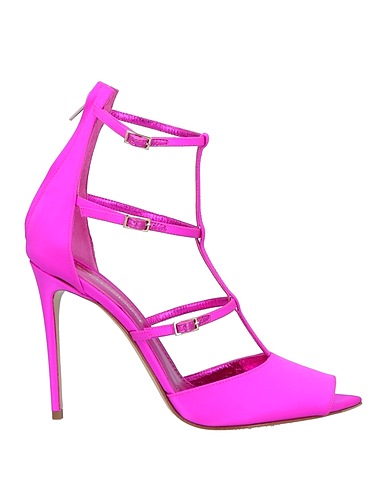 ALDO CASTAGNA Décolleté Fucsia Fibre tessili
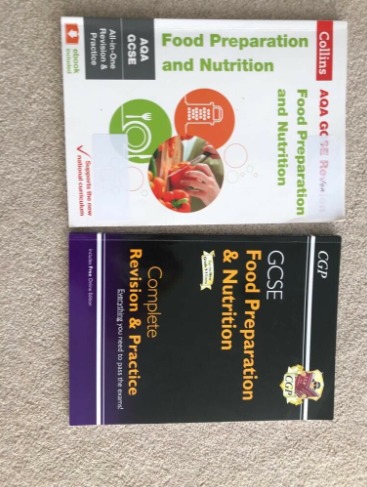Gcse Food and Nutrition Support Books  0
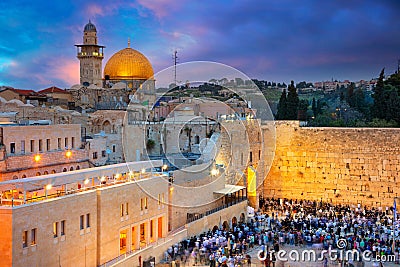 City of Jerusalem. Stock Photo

---

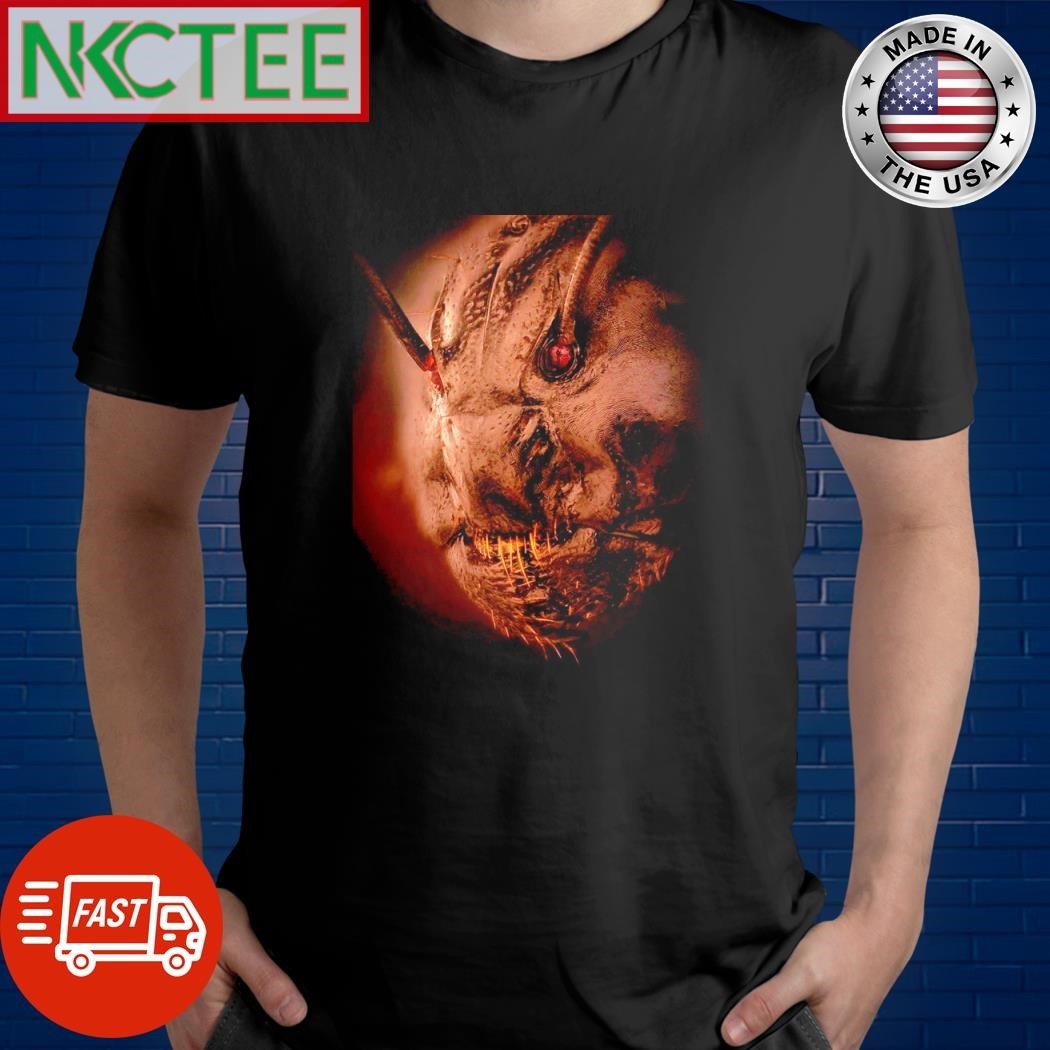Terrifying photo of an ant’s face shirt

* * *

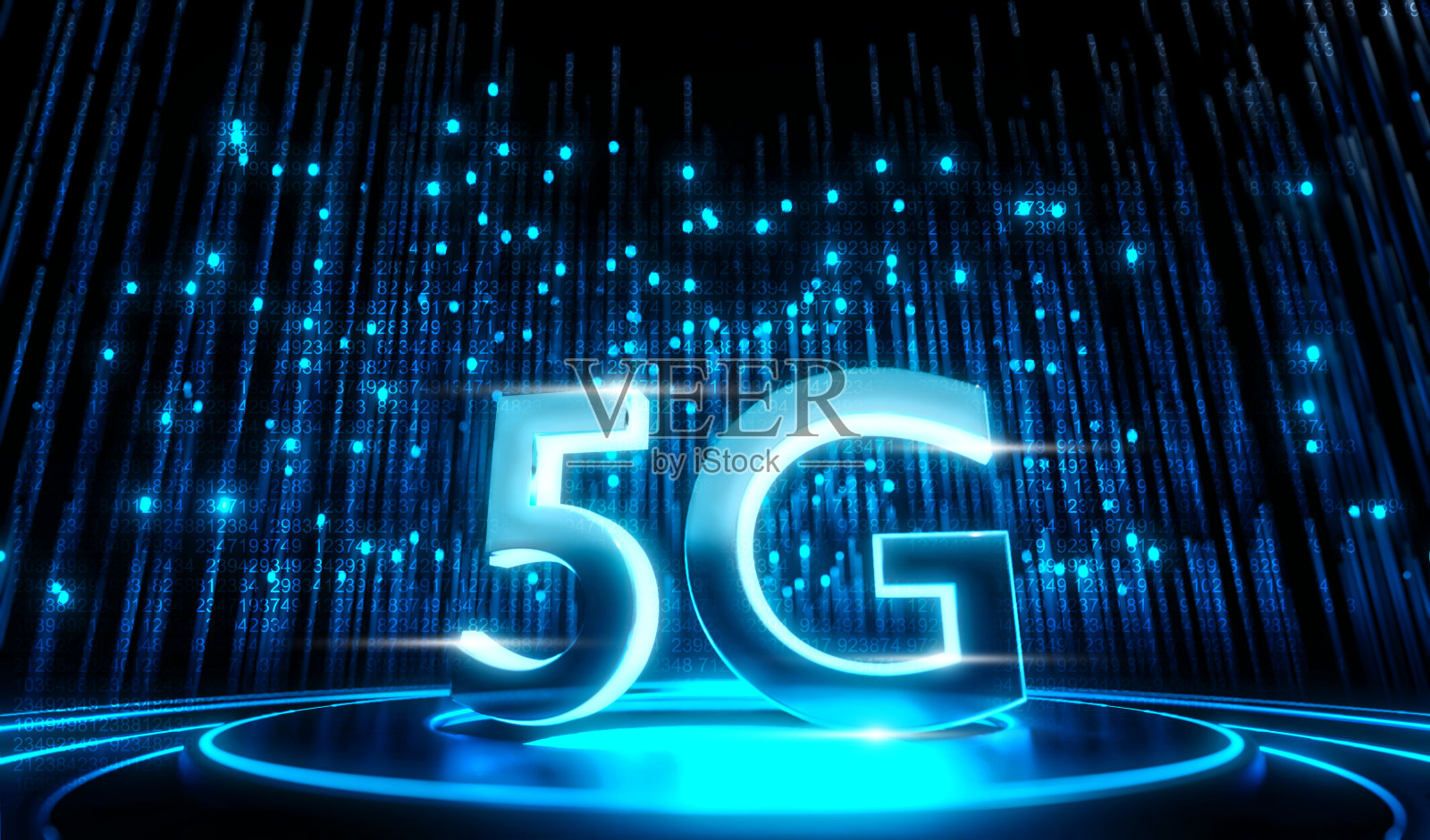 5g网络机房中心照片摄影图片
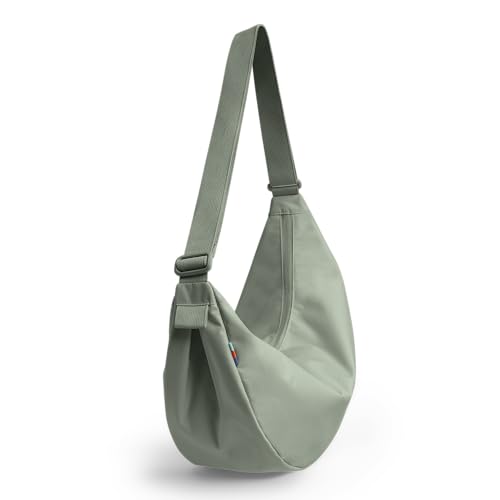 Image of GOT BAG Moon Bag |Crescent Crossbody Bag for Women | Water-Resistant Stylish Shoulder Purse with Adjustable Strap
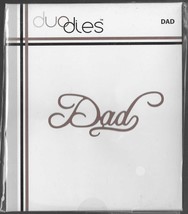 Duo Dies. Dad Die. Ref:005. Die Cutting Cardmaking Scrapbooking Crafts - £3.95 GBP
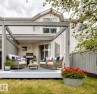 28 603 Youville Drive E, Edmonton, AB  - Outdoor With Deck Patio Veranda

● **Task to complete**: From the records above, copy exactly the stretch from the line holding "ALDO CASTAGNA Décolleté Fucsia Fibre tessili" through the line holding "City of Jerusalem. Stock Photo", both ends included, without the pictures.

● **Exercise solution**:
 ALDO CASTAGNA Décolleté Fucsia Fibre tessili
Gcse Food and Nutrition Support Books  0
 City of Jerusalem. Stock Photo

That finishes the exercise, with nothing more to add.